[Exercise prompt] From the records that follow, return exactly the lines beginning at the one that contains "カラフル林が飛びカタツムリ 缶バッジ" and ending at the one that contains "Quilted Patent Leather Shoulder Bag Black", pictures left out.

[Given data]
'''
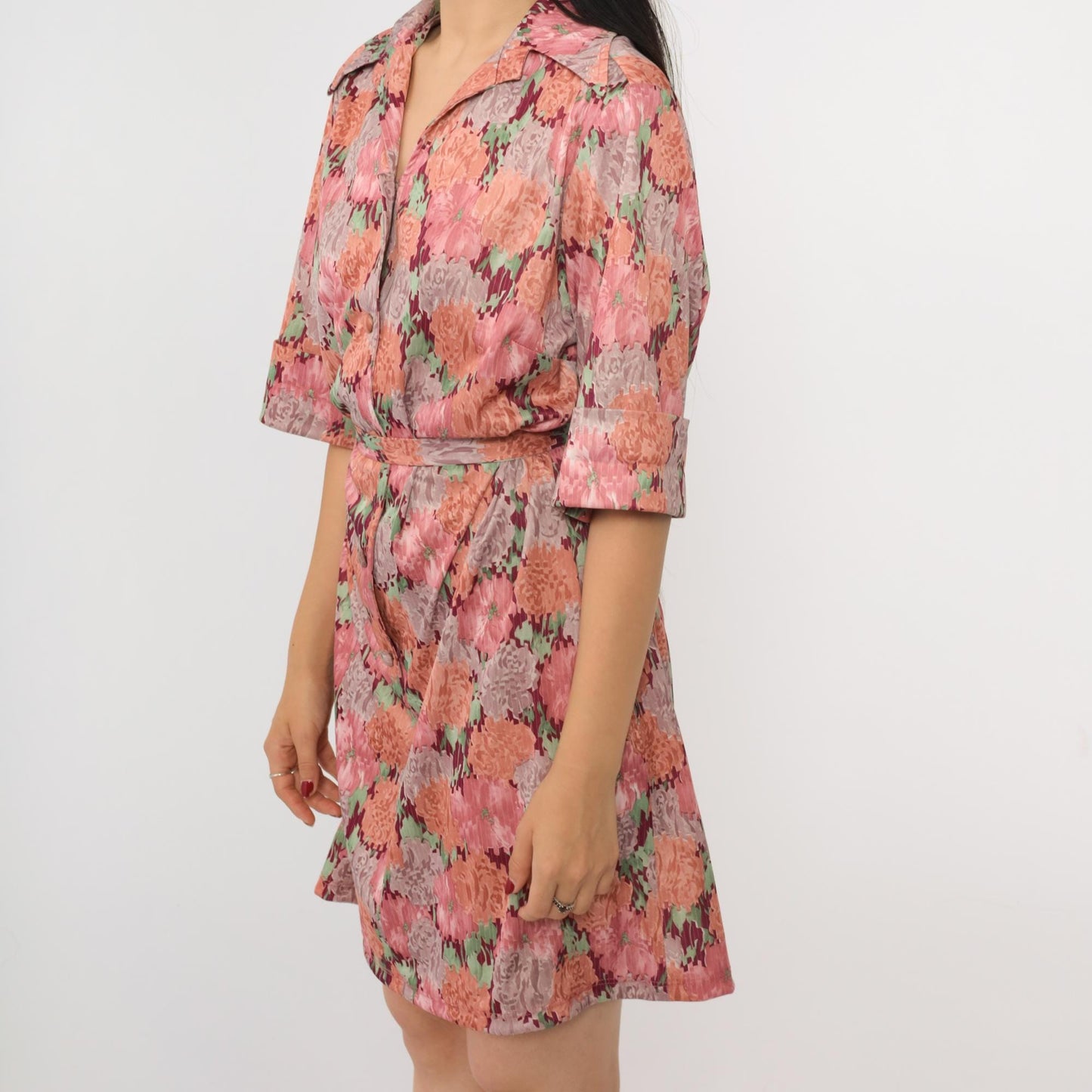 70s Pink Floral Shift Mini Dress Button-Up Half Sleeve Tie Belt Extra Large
'''
'''
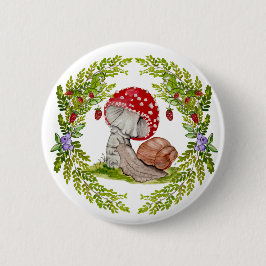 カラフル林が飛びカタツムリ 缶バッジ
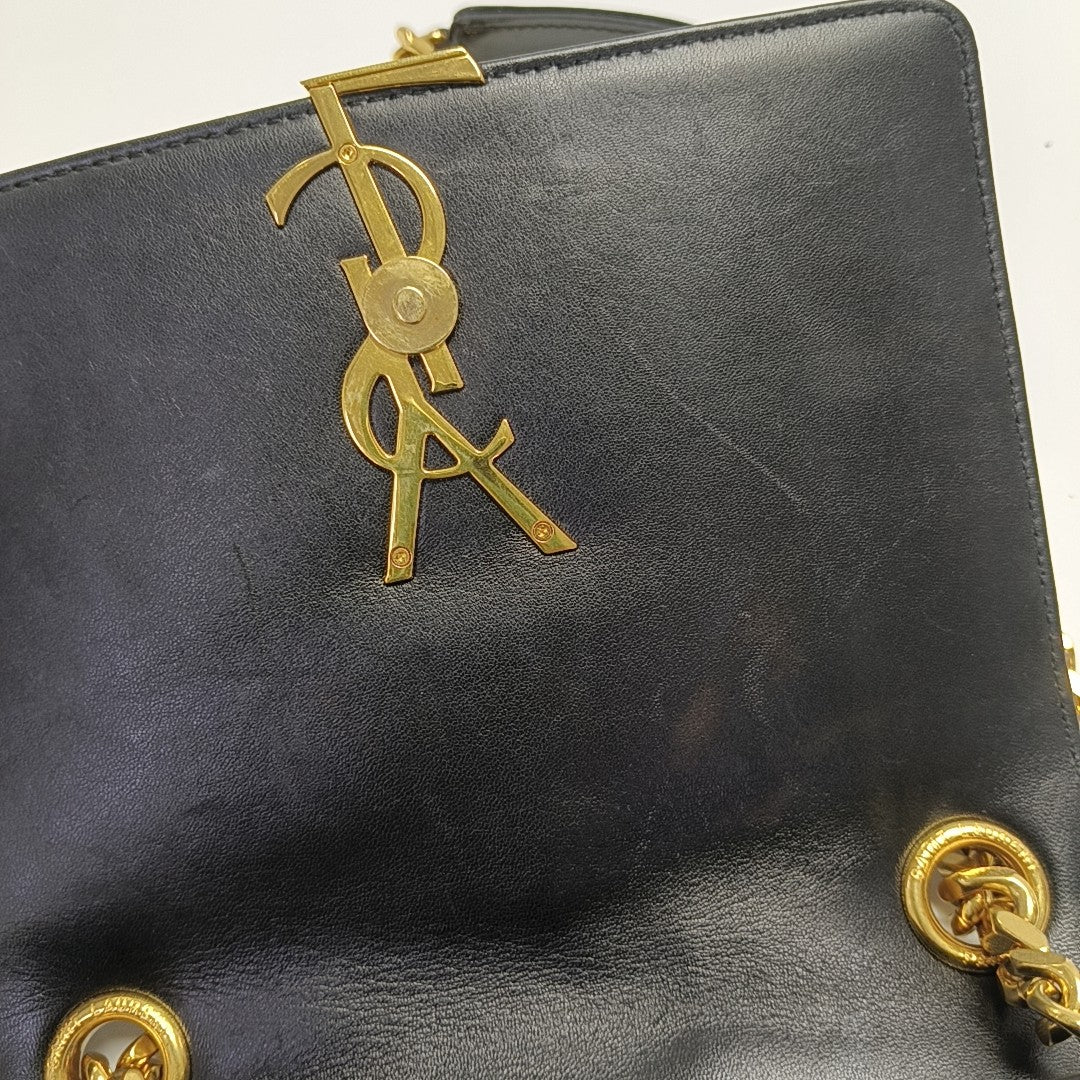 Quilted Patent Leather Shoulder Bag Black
'''
'''
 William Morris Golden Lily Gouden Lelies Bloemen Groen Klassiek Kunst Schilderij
'''
[Answer box]
 カラフル林が飛びカタツムリ 缶バッジ
 Quilted Patent Leather Shoulder Bag Black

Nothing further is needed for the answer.